**WORK TO BE COMPLETED:** Your answer must be every line of the data below that holds the string "Street", copied exactly.

**RECORDS TO PROCESS:**
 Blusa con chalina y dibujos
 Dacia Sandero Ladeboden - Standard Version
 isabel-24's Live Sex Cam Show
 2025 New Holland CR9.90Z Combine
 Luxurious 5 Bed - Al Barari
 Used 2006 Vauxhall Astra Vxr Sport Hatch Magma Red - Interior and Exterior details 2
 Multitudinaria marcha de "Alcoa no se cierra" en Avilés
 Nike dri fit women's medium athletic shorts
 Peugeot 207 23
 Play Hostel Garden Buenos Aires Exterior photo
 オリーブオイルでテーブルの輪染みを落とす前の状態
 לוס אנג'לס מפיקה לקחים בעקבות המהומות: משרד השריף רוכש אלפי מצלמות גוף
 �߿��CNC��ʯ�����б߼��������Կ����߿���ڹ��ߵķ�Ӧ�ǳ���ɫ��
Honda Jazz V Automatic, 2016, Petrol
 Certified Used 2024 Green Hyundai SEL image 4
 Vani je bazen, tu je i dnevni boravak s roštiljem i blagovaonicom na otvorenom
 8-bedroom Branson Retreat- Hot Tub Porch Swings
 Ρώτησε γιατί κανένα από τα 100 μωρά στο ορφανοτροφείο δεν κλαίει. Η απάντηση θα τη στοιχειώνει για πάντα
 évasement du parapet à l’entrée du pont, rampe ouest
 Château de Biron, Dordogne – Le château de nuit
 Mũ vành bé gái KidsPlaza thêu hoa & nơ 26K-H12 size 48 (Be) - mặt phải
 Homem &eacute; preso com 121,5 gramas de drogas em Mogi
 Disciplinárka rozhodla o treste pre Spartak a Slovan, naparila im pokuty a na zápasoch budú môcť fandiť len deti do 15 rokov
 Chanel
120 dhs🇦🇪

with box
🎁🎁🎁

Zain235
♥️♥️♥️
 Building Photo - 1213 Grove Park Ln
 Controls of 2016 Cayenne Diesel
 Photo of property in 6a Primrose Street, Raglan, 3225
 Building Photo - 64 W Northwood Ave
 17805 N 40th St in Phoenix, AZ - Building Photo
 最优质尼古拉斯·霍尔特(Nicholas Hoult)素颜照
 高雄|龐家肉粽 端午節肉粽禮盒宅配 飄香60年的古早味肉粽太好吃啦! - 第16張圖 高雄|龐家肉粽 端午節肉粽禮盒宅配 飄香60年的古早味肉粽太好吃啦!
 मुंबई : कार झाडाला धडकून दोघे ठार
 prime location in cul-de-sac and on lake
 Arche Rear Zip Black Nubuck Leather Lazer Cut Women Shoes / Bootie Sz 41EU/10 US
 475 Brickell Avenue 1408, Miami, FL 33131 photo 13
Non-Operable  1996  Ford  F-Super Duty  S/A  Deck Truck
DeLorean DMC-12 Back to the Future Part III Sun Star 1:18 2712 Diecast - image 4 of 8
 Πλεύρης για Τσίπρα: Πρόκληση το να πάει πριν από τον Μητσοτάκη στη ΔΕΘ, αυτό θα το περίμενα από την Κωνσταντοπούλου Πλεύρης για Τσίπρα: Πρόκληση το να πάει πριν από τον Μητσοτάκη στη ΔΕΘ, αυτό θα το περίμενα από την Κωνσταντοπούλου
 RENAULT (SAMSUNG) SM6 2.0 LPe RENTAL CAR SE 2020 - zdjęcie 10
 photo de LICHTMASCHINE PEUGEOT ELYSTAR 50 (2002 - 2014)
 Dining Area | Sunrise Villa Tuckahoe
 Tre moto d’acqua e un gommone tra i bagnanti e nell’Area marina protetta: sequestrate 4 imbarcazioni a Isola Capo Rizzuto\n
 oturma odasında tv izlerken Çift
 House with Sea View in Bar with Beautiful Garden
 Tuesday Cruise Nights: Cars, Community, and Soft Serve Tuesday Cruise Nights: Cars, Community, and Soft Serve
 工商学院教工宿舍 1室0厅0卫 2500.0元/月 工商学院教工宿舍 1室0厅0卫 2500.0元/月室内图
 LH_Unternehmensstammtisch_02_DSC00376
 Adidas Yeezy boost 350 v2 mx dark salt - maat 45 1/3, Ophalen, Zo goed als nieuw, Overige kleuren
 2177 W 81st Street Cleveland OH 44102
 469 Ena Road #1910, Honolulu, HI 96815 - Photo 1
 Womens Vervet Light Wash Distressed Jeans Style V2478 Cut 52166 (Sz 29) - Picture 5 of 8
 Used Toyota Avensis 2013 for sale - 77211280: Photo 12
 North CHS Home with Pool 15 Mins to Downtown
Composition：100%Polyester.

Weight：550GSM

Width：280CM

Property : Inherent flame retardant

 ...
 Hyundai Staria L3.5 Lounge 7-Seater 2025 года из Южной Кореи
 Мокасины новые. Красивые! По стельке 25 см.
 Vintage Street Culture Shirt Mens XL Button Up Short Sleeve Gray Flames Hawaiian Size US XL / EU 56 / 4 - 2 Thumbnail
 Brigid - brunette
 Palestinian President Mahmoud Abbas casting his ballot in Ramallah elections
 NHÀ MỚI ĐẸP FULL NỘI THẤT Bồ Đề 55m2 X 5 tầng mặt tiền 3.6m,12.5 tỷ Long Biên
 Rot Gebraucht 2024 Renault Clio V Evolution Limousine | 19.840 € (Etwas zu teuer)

**REPLY TO THE EXERCISE:**
 Photo of property in 6a Primrose Street, Raglan, 3225
 2177 W 81st Street Cleveland OH 44102
 Vintage Street Culture Shirt Mens XL Button Up Short Sleeve Gray Flames Hawaiian Size US XL / EU 56 / 4 - 2 Thumbnail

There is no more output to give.